I recently struggled to work with sparse matrices and stacking those to a single matrix. I used to create multiple csr_matrix objects
vec_list = sp.sparse.csr_matrix(my_vec_i) # every vector of shape (1,200)
And after vec_list
consisted of around 100 sparse matrices, I used scipy's (NOT numpy's) sp.vstack function to merge all 100 entries to a csr matrix of shape (100, 200).
Now in my current setting (python 3.8) I see a warning that sp.vstack is going to be deprecated, but anyways, not matter if I used numpy's or scipy's vstack functionality, I ended up having an array of shape (100,1) where my 200 columns are regarded as 1 csr_matrix entry in the first and only column.

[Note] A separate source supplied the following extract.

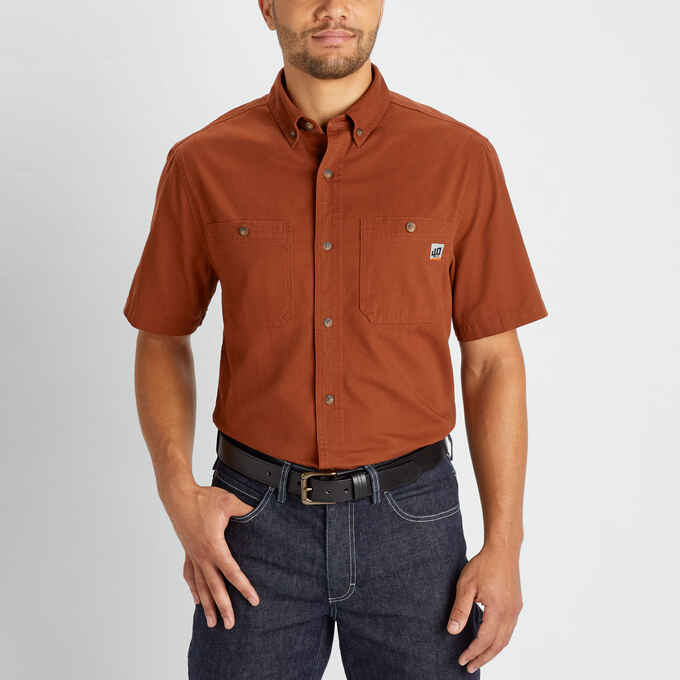 Men's 40 Grit Standard Fit Short Sleeve Work Shirt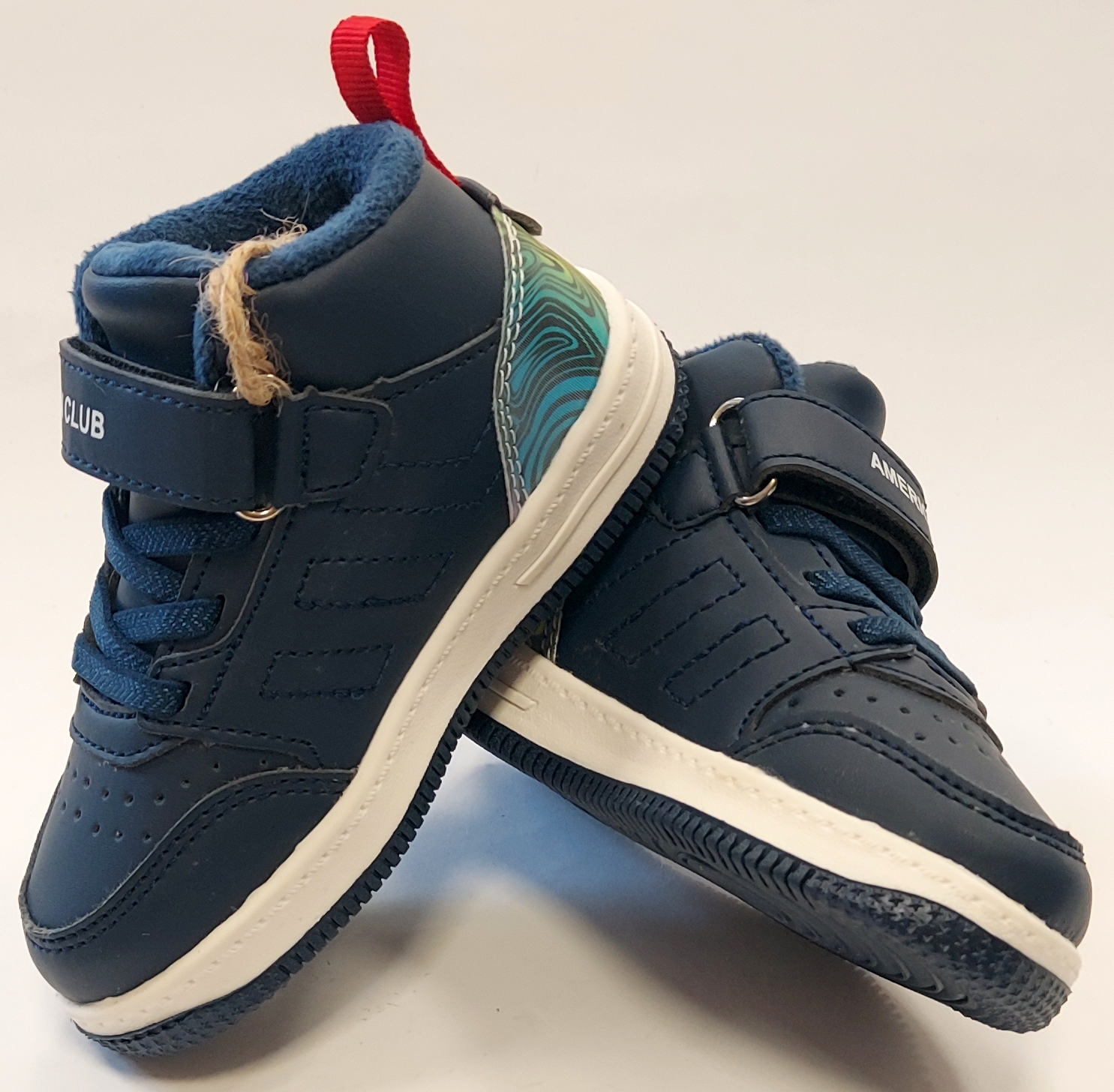 PÓŁBUTY TRZEWIKI OCIEPLANE HOLOGRAM R 25 15,50 CM Materiał skóra ekologiczna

In my old code snippets I could see, that sp.vstack(vec_list)
created a sparse crs matrix of shape (100,200)..
Do I miss anything, does anyone have thoughts on this? I am getting slightly desperate to create my stacked sparse matrix.. thanks all
Edit: As you can see below in my comment np.vstack and sp.vstack do not necessarily do the same (in my answer I sad np.vstack twice, but I meant sp.vstack once). I was using the exact solution (copied) and it returned an error at some point, as no stacking took place. In order to use sp.stacking, I stacked non-csr_matrix arrays and then convert this to a csr_matrix. This is not practicable when using huge sets of arrays, but at least I could run through the file without issues. To address the below answer from Tinu, I was not able to solve it this way, as the result looks like the following - when executing the example code:
>>> np.vstack(vec_list).shape
(100, 1)
>>> sp.vstack(vec_list).shape
(100, 200)
Python 3.8.2, Scipy 1.4.1
I was unfortunately not able to see the same result as stated above - using my Python 3.8.3rc1. Copying the code and stacking lead to the following:
>>> np.vstack(vec_list).shape # (100, 1)
>>> sp.vstack(vec_list).shape # (100, 1)
What I will do to circumvent my problem: I will stack non-csr_matrix arrays and then convert this to a csr_matrix. thanks anyways!